In queueing theory, a discipline within the mathematical theory of probability, an M/G/k queue is a queue model where arrivals are Markovian (modulated by a Poisson process), service times have a general distribution and there are k servers. The model name is written in Kendall's notation, and is an extension of the M/M/c queue, where service times must be exponentially distributed and of the M/G/1 queue with a single server. Most performance metrics for this queueing system are not known and remain an open problem.

==Model definition==

A queue represented by a M/G/k queue is a stochastic process whose state space is the set {0,1,2,3...}, where the value corresponds to the number of customers in the queue, including any being served. Transitions from state i to i + 1 represent the arrival of a new customer: the times between such arrivals have an exponential distribution with parameter λ. Transitions from state i to i − 1 represent the departure of a customer who has just finished being served: the length of time required for serving an individual customer has a general distribution function. The lengths of times between arrivals and of service periods are random variables which are assumed to be statistically independent.

==Steady state distribution==

Tijms et al. believe it is "not likely that computationally tractable methods can be developed to compute the exact numerical values of the steady-state probability in the M/G/k queue."

Various approximations for the average queue size, stationary distribution and approximation by a reflected Brownian motion have been offered by different authors. Recently a new approximate approach based on Laplace transform for steady state probabilities has been proposed by Hamzeh Khazaei et al.. This new approach is yet accurate enough in cases of large number of servers and when the distribution of service time has a Coefficient of variation more than one.

==Average delay/waiting time==

There are numerous approximations for the average delay a job experiences. The first such was given in 1959 using a factor to adjust the mean waiting time in an M/M/c queue This result is sometimes known as Kingman's law of congestion.

$E[W^{\text{M/G/}k}] = \frac{C^2+1}{2} \mathbb E [ W^{\text{M/M/}k}]$

where C is the coefficient of variation of the service time distribution. Ward Whitt described this approximation as “usually an excellent approximation, even given extra information about the service-time distribution."

However, it is known that no approximation using only the first two moments can be accurate in all cases.

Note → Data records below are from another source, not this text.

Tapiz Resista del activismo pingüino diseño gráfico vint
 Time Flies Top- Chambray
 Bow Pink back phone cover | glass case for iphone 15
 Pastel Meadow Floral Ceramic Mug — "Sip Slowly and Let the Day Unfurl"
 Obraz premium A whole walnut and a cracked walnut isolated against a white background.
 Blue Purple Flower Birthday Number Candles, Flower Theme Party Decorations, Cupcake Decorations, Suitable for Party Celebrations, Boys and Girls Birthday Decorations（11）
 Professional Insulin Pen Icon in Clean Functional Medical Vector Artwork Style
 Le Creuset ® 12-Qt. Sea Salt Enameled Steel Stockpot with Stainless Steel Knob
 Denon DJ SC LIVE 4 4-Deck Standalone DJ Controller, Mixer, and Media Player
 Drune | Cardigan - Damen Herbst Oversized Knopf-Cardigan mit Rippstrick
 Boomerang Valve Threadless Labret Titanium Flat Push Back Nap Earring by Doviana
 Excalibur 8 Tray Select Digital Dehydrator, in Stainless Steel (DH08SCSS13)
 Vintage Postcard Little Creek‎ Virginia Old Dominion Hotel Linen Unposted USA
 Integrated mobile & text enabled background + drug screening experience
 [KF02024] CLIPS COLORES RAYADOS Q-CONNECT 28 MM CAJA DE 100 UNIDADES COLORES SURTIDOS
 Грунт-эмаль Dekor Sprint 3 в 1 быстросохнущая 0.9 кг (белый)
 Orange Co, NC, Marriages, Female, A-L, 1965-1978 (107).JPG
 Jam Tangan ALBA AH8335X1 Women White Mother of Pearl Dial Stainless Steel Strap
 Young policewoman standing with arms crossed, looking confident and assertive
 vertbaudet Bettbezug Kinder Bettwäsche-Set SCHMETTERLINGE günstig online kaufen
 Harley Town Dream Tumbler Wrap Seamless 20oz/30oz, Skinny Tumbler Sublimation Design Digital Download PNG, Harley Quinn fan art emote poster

A Markov–Krein characterization has been shown to produce tight bounds on the mean waiting time.

==Inter-departure times==

It is conjectured that the times between departures, given a departure leaves n customers in a queue, has a mean which as n tends to infinity is different from the intuitive 1/μ result.

==Two servers==

For an M/G/2 queue (the model with two servers) the problem of determining marginal probabilities can be reduced to solving a pair of integral equations or the Laplace transform of the distribution when the service time distribution is a mixture of exponential distributions. The Laplace transform of queue length and waiting time distributions can be computed when the waiting time distribution has a rational Laplace transform.